In a big development related to cryptocurrency crimes, two accused were taken into custody from Miami on charges of allegedly stealing and laundering over $230M Bitcoin Theft. The suspects, 20-year-old Malone Lam, aka “Greavys” and “Anne Hathaway,” along with 21-year-old Jeandiel Serrano, aka “Box” and “VersaceGod,” have been charged with conspiracy for stealing from and laundering cryptocurrency assets using exchanges and mixing services.
The August hack initially stole more than 4,100 Bitcoins from a victim in Washington D.C., with valuations of the affected stolen digital assets well in excess of $230 million at the time. This incident is among the most high-profile cryptocurrency thefts to have occurred in recent years and speaks volumes about how cunningly and elaborately some crypto-crime operations occur.
The Heist: Stealing Over $230 Million in Bitcoin
According to the court document, Lam and Serrano, with the help of their co-conspirators, accessed the cryptocurrency accounts and promptly transferred the funds into crypto wallets controlled by them. In an effort to launder the ill-gotten digital currency, the defendants employed crypto mixers, peel chains, and virtual private networks-VPNs-for concealing their tracks.
Crypto mixers are services that scramble cryptocurrency between users, making it more difficult for any entity to trace the funds back to their origins. Such utilities have already turned into some kind of panacea for cybercriminals looking for ways to mask the sources of stolen funds 【Kaspersky: Crypto Mixers Guide】.
Aside from mixers, the duo utilized crypto exchanges to move the stolen Bitcoin and convert it into other digital assets like Litecoin, Ethereum, and Monero, known as a supposedly untraceable cryptocurrency. Finally, despite the suspects’ attempts to mask their identities and their transactions, detectives discovered the operation using blockchain analytical software.
Mansion Living and Wild Spending: Porsches, Rolexes, and Nightclubs
After securing the embezzled Bitcoin, the suspects went on a spending spree. Still, they spent a pretty large sum of money on foreign trips, expensive watches and cars, designer handbags, and highly frequent night outs in Miami and Los Angeles. Their social media accounts and those of their friends made revealing the locations vital for law enforcement to catch them.

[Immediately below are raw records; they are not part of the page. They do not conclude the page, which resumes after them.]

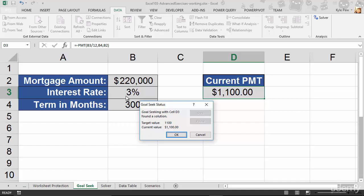Rather than you manually going through and adjusting these numbers over and over again trying to hit this goal, get Excel to do it for you. Try this out. Open up the example file, jump to the Goal Seek tab, and change that current payment from roughly $1,700 down to $1,100 or some other number by modifying one of these values, the mortgage amount or the interest rate. Try it out.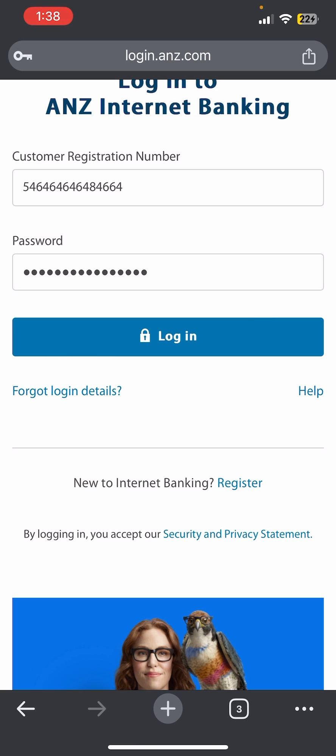If you want to get more information about ANG internet banking, just tap on the help option on the screen and you will be able to get more details and help from the ANG banking support.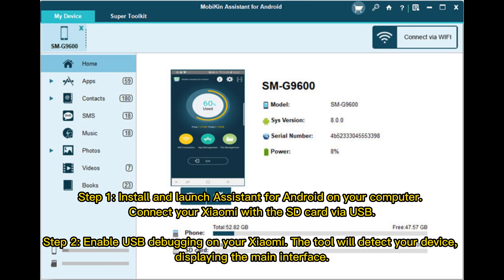Step 1: Install and launch Mobikin Assistant for Android on your computer. Connect your Xiaomi with the SD card via USB. Step 2: Enable USB debugging on your Xiaomi. The tool will detect your device, displaying the main interface.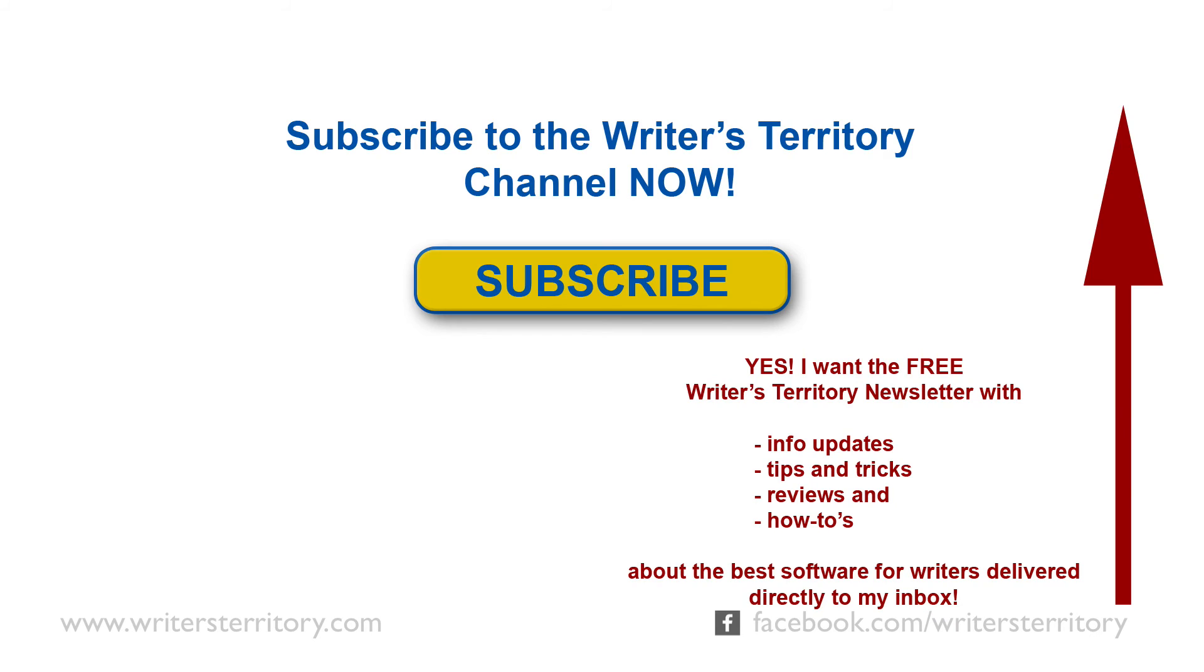If you liked this video, please comment below, subscribe to my channel and to the Writer's Territory newsletter. Let me help you decide which is the best writing software for you before you spend your money, and let me show you how the tools you already own help your writing process the most.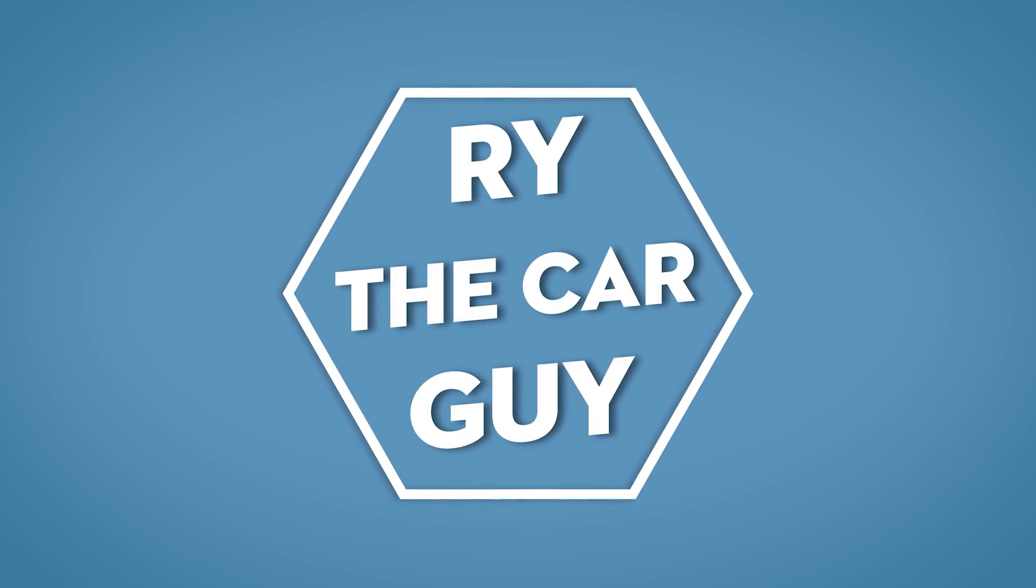Hey there, RyTheCarGuy here, and today, let's get licensed. So a couple months ago, I put out a video on how to install a CB/GMRS/ham radio into the Xterra, and that's right here if you want it. I thought I'd follow up with a short video on getting the GMRS license through the FCC.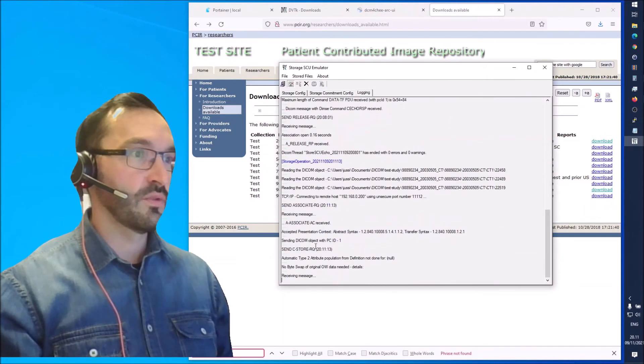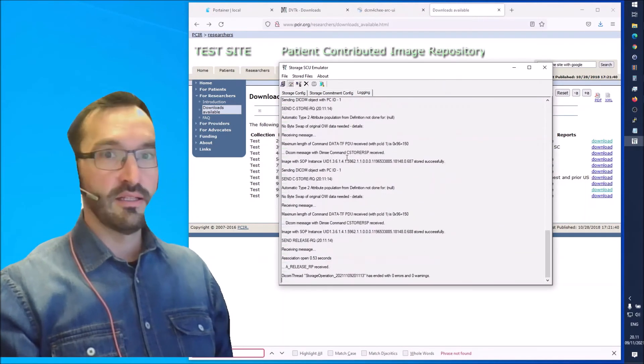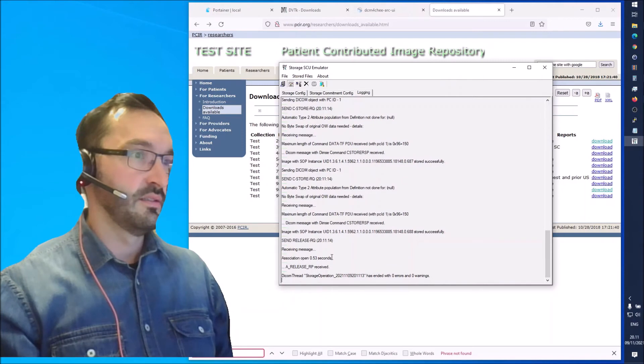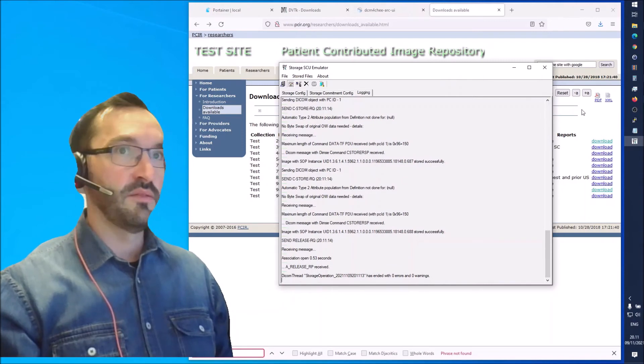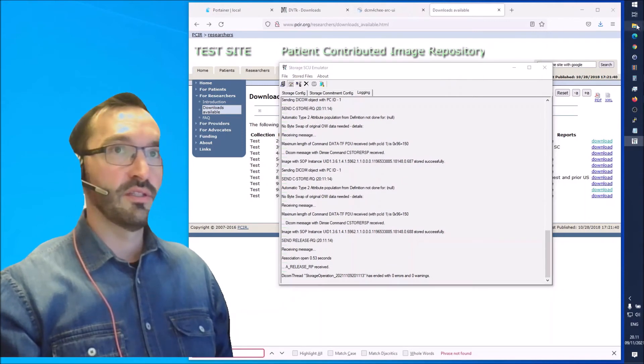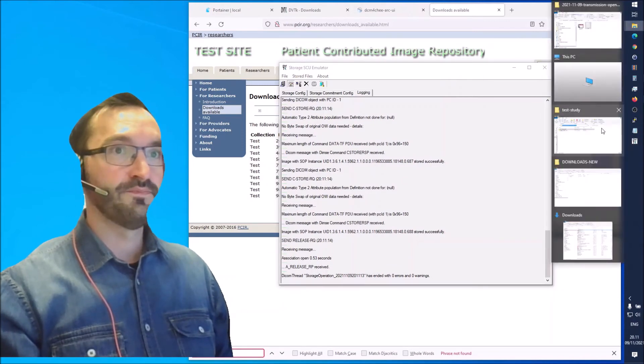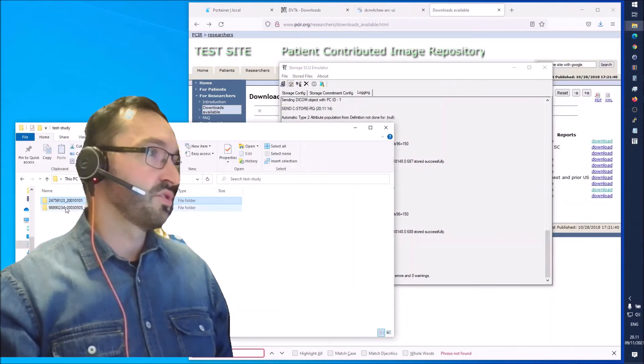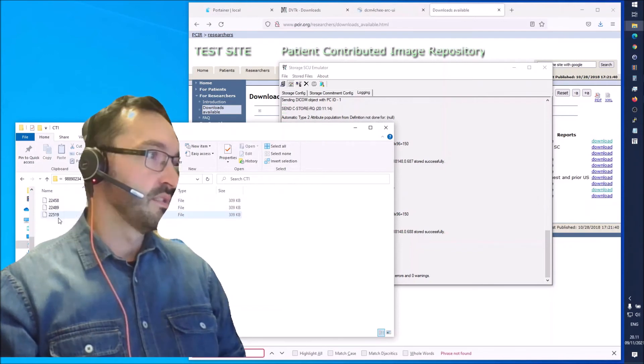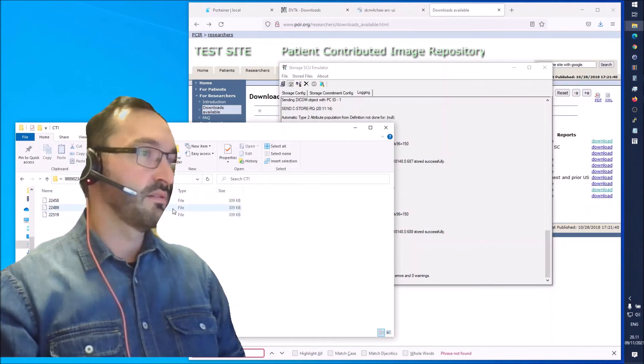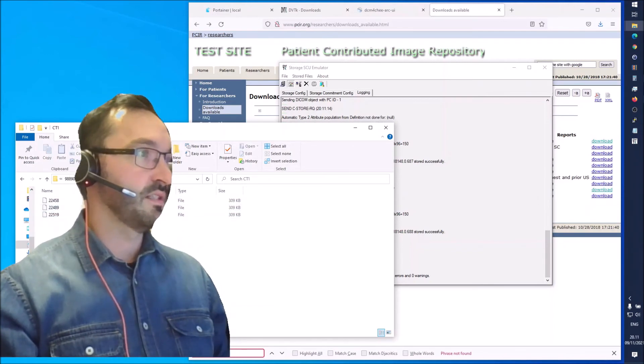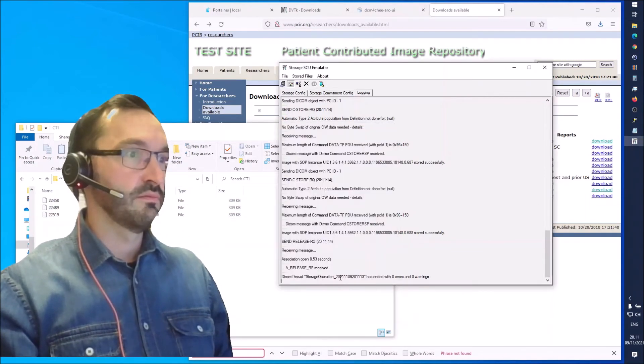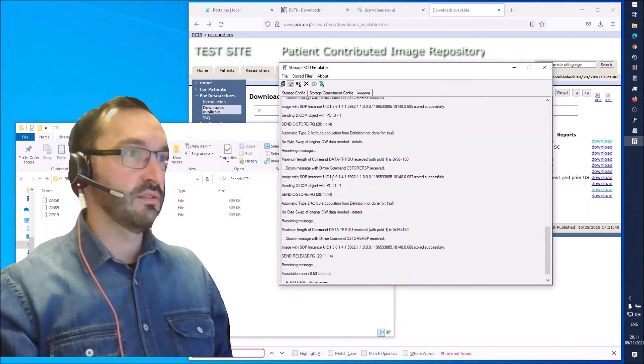Let's select a source directory and go into that test studies folder. Let's select one of the CT studies here, CT number one. Click on okay and it already started sending the images in that folder. It only had three files in it. That was quick to send.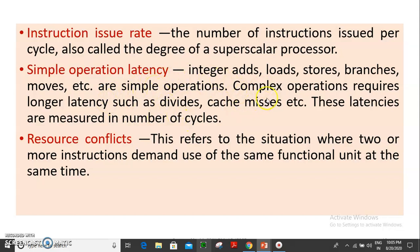Simple operation latency is less than one instruction cycle. Complex operations such as divide and cache misses take longer. If you want to use the same functional unit, you need to account for the time when the same function unit is in use.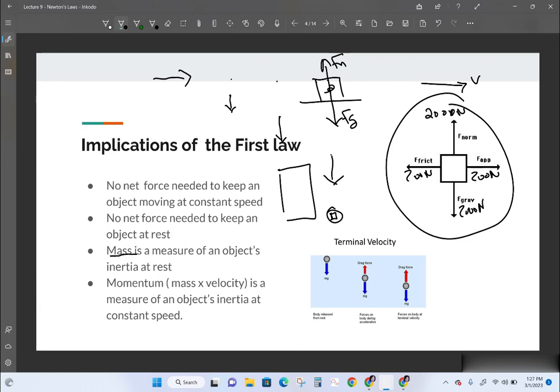When an object is moving, velocity also has to be taken into account. Momentum — which we'll talk about later — is the moving inertia of an object. It's not just mass, it's mass times velocity. Mass is a measure of how much inertia you have, so in general, the bigger mass you have in kilograms, the more inertia tendency you have.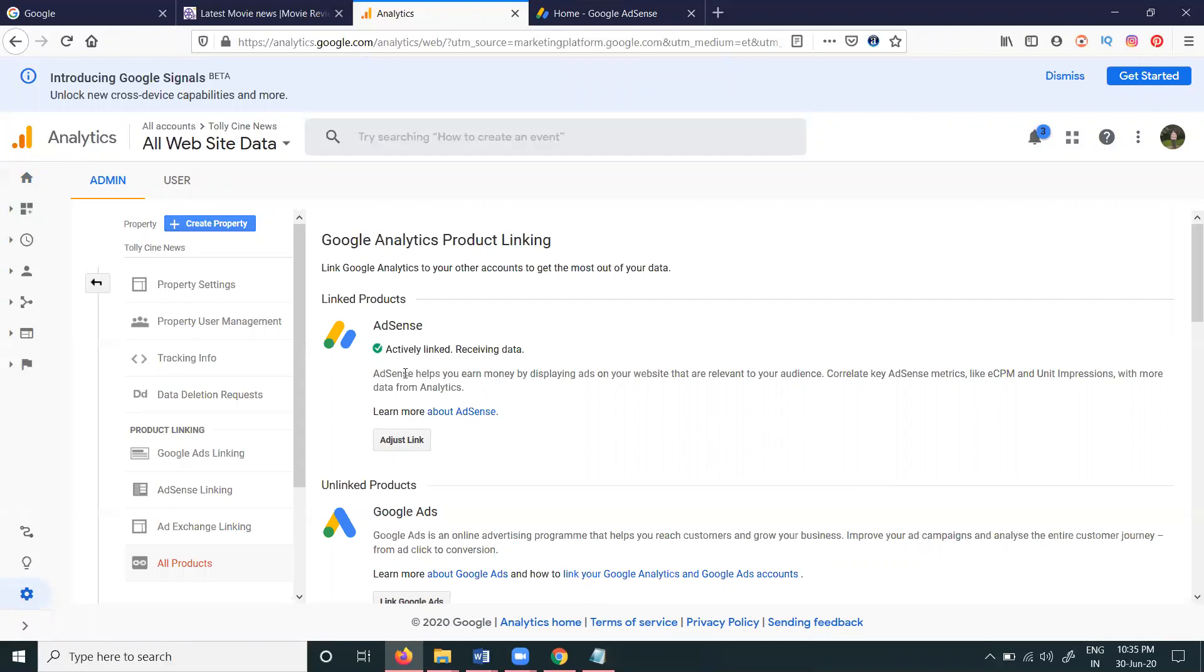AdSense helps you earn money by displaying ads on your website that are relevant to your audience. You can see AdSense metrics like CPM and unit impressions with more data from the Analytics option. This feature enables Google Analytics to Google AdSense linking.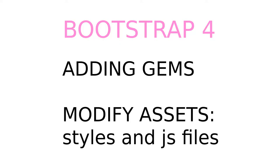You will now learn what a gem is and how to install it. We will do this by adding Bootstrap as a gem. We will modify the application stylesheet and javascript files so we can make use of styling with Bootstrap.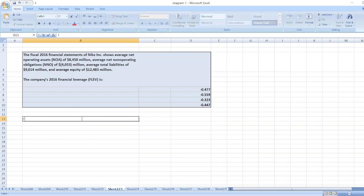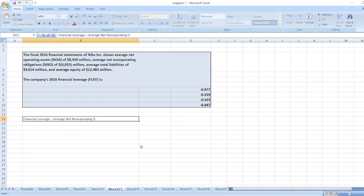So here, financial leverage is equal to average net non-operating obligation divided by average equity.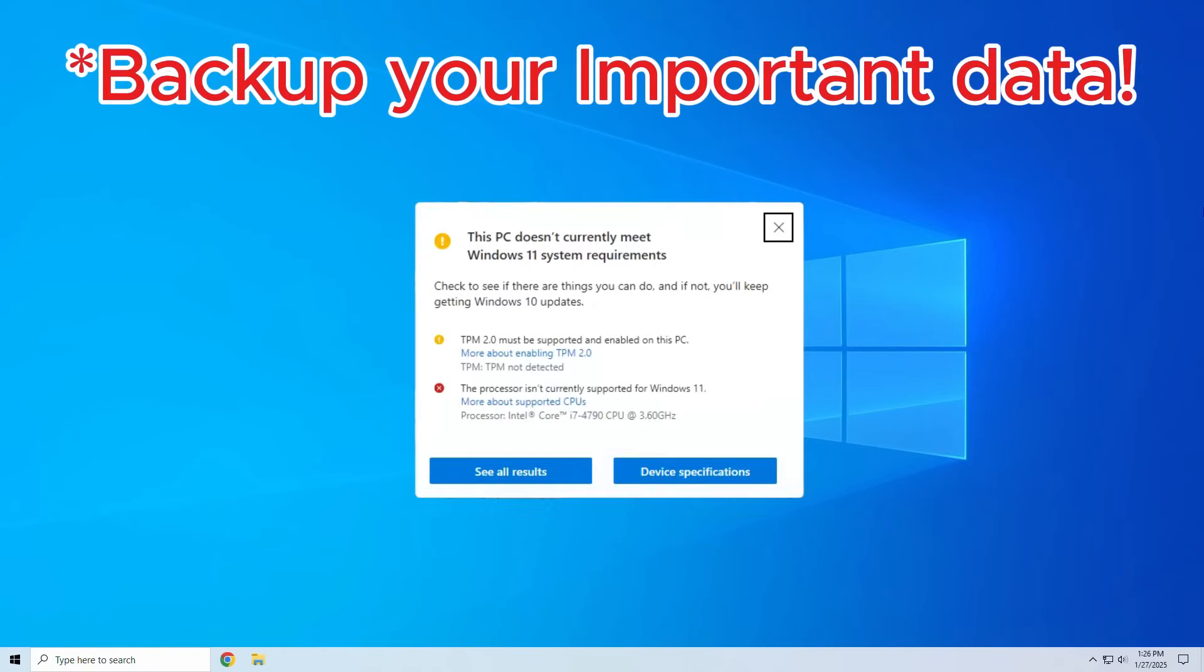Okay, before we start, I do want to mention that running Windows 11 on unsupported hardware may potentially mean no future security updates to your OS should Microsoft truly put their foot down on the use of older hardware with newer operating systems. Also, be sure to back up your important data before attempting any upgrade. Now let's hop right in.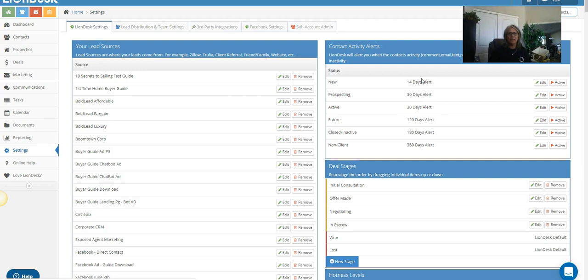You want to make sure you're sending out exactly what they asked for. So if you're doing a Facebook ad, say for a buyer guide, you want to make sure you have a buyer guide campaign lined up, and what does that mean? Make sure you send them the guide when they sign up. Nothing's gonna aggravate your consumers more if they sign up and don't get what they asked for.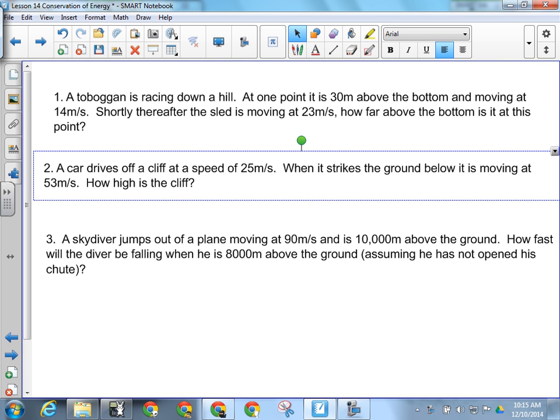So what we're going to be doing today is we're going to go over some exam level examples of the law of conservation of energy. These would be very much like questions I would make up and put on a unit exam or a final exam on the law of conservation of energy, so it gives you some idea of what level of difficulty you're looking at.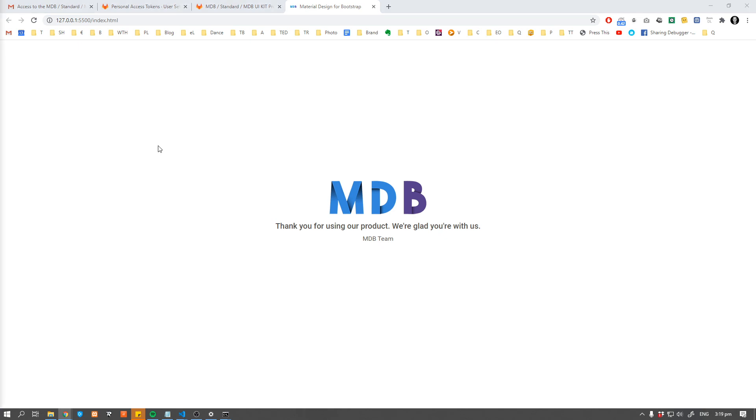Obviously, if you're using module bundlers like webpack, you should import your assets accordingly.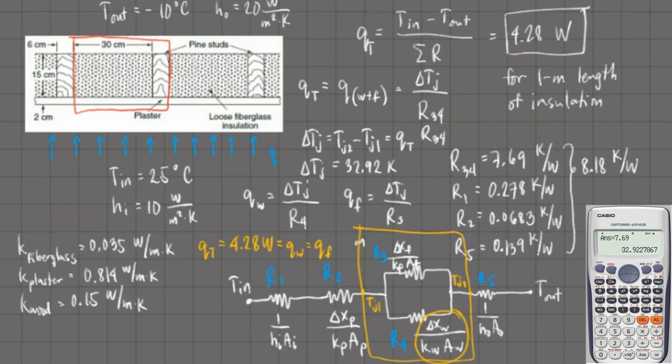Knowing that concept would be important in determining junction and surface temperatures. That's it for this problem. I hope you've learned something. Thank you for listening, and this has been another problem solved.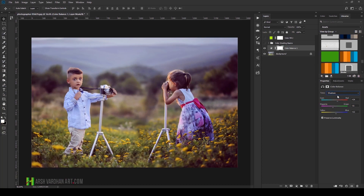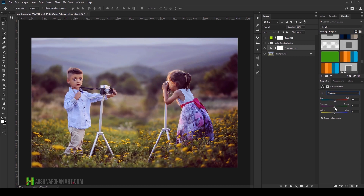Now click on the channel and select Midtones. When targeting midtones, keep in mind that you need to keep the skin tone natural — make sure you're not affecting the skin tone too much so that it looks unnatural. I'll add a little bit of red, then a little green on the magenta/green slider, and then a little blue on the yellow/blue channel. We haven't made a dramatic difference here, which is intentional to preserve the skin tone.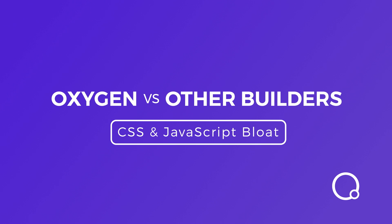Hey, this is Louis from Oxygen, and in this video I want to do a WordPress Visual Builder comparison, specifically about bloat.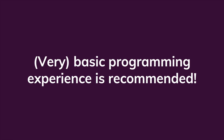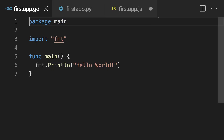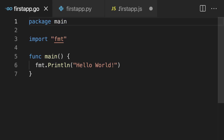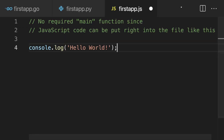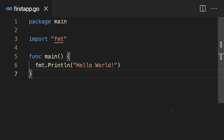Throughout the course, I will also sometimes show you how the equivalent to some Go code would look like in Python and/or JavaScript — not because you need to know Python or JavaScript for this course, but simply because I know that a lot of people will start with Python or JavaScript development.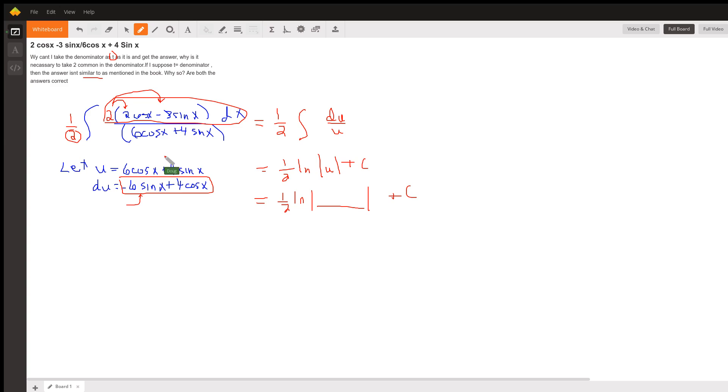And then when you took the derivative, you would get the numerator as it exists in the original form. Okay, hope that helps.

Geo-location information from Instagram and TikTok postings by the suspects’ friends ultimately led investigators to where the suspects were hanging out and arrested them. So, even though cryptocurrency provides anonymity for digital transactions, showing off the wealth on public platforms got them caught.
Lapses in OPSEC and Investigation
But in trying to stay hidden, they made critical operational security errors that led to their downfall. Their only known suspected conspirator went by the name “Wiz,” with whom they had identified in a screen-sharing session. Following cryptocurrency wallets identified as being used by Serrano and Wiz, investigators found over $41 million in transactions that had been moved through several exchanges.
Posing as an investigator of cryptocurrency fraud, ZachXBT-who goes by the name ZachX on Twitter-played a crucial role in assisting the FBI track the suspected individuals. “The group first impersonated the victims as customer support representatives for exchanges such as Gemini and Google to attempt to convince the victims to allow screensharing that would compromise sensitive information including private keys.
The suspects bypassed 2FA of the victims and accessed their Bitcoin Core wallets, subsequently transferring the funds to different exchanges. From the tracing in the initial report by ZachXBT, it can be evidenced that the stolen funds were divided within a short period of time among different actors flowing over the various exchanges to be swapped back and forth between Bitcoin, Litecoin, Ethereum, and Monero 【Crypto Swapping in Exchanges】.
The Arrest and Aftermath
Eventually, after a string of flashy purchases, the spending sprees of Lam and Serrano led the FBI to their doors. Using VPNs and privacy coins to keep the transactions private wasn’t enough to evade law enforcement; the complications involved in their laundering schemes did little to throw investigators off the scent.
Investigations have continued by the FBI, and as the information sets in, it may turn out that more suspects could be identified. Since this case is high-profile in nature, discussions of cryptocurrency exchange security and broader cybercrime concerning digital assets have been resumed.